Joel Bowman, reporting from Dubai in the Persian Gulf…

It’s been a while since we turned the pen over to the inimitable Rude Readership for some views “from the field.” Before we get into today’s missive, let’s do just that…

“See the shiny, new American military budget,” writes one reader “Run budget, run! Look at the budget that has already been put forward for next year. Consider what drives the military and the fact that we are still *shipping* oil to Iraq to drive it.

“I strongly suspect that any decrease in consumer demand for oil will be met with by the military (of many countries) with “Thank you, Sir; and may we please have some more?”

“And of course in the developing economies use of oil isn’t going be limited to gasoline for cars. One word, “plastics.” That means all of those consumer goodies that the emerging middle classes are going to want for themselves instead of shipping to us.

“But what it really comes down to is this. Oil is power, power is oil, in both senses of the word “power.”

“I can only see a world where demand continues to outstrip supply until the stuff is either gone or the world destroys itself in a militaristic frenzy to obtain it (while actually burning the stuff at geometric rates. Hey, it worked for the financials, didn’t it?)

“Oil! Oil! My kingdom for a barrel of oil.”

“Buy oil. Die rich - but will you be around long enough to spend any of it, THAT is the question.

“Maybe the time has finally come to just throw all my money into hedonic nihilism.

“Hey, don’t laugh, that makes at least us much sense as the radical conservatism that got us into this mess in the first place.

“Now if you’ll excuse me I’m going to go out for a bicycle ride, fuelled by bananas.
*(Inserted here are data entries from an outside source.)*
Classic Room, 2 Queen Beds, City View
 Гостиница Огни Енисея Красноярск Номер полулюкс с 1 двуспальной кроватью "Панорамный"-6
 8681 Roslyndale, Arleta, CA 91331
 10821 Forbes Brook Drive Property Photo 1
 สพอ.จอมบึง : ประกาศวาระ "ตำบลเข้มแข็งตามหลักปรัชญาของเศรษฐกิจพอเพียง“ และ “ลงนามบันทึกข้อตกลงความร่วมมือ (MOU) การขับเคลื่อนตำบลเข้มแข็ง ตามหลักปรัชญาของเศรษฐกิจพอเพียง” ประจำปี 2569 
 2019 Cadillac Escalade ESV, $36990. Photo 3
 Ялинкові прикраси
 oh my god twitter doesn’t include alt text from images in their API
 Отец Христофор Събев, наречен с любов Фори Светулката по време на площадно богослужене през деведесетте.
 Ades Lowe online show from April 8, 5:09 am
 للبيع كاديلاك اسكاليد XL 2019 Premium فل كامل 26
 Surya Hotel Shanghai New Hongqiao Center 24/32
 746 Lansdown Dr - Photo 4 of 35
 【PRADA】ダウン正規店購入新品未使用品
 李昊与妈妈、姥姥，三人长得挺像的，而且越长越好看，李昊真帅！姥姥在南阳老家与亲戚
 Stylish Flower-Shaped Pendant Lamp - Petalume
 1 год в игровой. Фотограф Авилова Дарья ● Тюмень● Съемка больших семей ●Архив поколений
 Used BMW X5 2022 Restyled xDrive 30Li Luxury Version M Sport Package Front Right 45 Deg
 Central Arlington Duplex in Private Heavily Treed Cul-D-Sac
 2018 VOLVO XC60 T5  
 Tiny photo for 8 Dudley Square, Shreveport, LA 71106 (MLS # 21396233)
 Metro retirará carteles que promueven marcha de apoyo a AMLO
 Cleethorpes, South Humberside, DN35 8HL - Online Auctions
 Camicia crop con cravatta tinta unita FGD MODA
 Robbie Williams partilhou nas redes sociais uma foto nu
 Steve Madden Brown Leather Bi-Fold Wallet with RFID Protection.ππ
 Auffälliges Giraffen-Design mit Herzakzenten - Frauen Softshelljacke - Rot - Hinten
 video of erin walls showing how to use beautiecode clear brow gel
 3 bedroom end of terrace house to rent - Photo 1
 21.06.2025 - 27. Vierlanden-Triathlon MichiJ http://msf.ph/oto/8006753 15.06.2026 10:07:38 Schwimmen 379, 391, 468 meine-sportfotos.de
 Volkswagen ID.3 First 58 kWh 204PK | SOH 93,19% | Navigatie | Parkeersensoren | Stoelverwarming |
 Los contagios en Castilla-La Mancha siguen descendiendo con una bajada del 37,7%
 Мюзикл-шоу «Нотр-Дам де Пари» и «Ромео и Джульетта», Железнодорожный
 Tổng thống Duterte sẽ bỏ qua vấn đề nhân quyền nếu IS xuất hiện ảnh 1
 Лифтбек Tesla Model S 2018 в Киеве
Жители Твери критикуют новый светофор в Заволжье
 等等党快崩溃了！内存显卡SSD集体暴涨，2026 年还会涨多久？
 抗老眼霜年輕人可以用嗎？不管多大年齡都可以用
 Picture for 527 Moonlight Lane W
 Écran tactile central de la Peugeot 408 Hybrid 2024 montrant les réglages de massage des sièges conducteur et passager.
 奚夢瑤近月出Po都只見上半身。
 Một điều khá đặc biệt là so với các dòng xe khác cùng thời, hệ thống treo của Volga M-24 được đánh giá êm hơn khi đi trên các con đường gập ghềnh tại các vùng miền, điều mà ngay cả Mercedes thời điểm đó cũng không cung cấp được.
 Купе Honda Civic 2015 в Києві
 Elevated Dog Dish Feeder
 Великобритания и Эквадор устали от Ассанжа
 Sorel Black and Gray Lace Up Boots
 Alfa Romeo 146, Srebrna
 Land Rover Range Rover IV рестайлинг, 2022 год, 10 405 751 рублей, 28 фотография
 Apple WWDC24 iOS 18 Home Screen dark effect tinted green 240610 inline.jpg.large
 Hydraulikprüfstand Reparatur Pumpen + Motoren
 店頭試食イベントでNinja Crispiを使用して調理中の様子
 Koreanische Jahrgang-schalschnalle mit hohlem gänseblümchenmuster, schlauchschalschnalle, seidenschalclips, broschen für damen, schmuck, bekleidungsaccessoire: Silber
That always used to make me feel better, but have you seen the price of bananas lately?

“Turns out the little, yellow fruits don’t walk to NY from Argentina. Who knew? Yours, Kevin in New York”

And this, from another…

“I have greatly enjoyed your columns, although it’s hard to keep up with them when you’re retired and have not the time.

“I have just read Christopher Hancock’s comments in your 4/18/08 column, again, and want to share with you my own approach to the opposite of CC (subject).  It is “inconspicuous under-consumption”.  By this I do not mean scrimping, but simply being attentive and conserving, and not making a point of it (except in this e-mail).

“Some time ago I realized there were (at least) two approaches to economic life:

1) Spend all you can to achieve the most extravagant life-style you can afford.
2) Choose a life-style with which you are comfortable, and achieve that life-style as inexpensively as possible, not scrimping, just always being aware of what you are doing.

“The former approach leads to Conspicuous Consumption, for a short time, and the latter to its opposite for a much longer time

“Before you complain that this is the approach of the “green-earthers”, PETA people, and other left-wing “revolutionaries”, I assure you that I am not one of those.  Their objective is not their stated one, but rather the accumulation of political/economic power over other peoples lives and activities and self-congratulation and aggrandizement.  My objective is only to do what I can to achieve the goal of living a responsible, satisfying life, without coercing or arm-twisting anyone else.  I have been doing this for several years, from personal conviction, certainly not from economic necessity. Does this put me ahead of the curve?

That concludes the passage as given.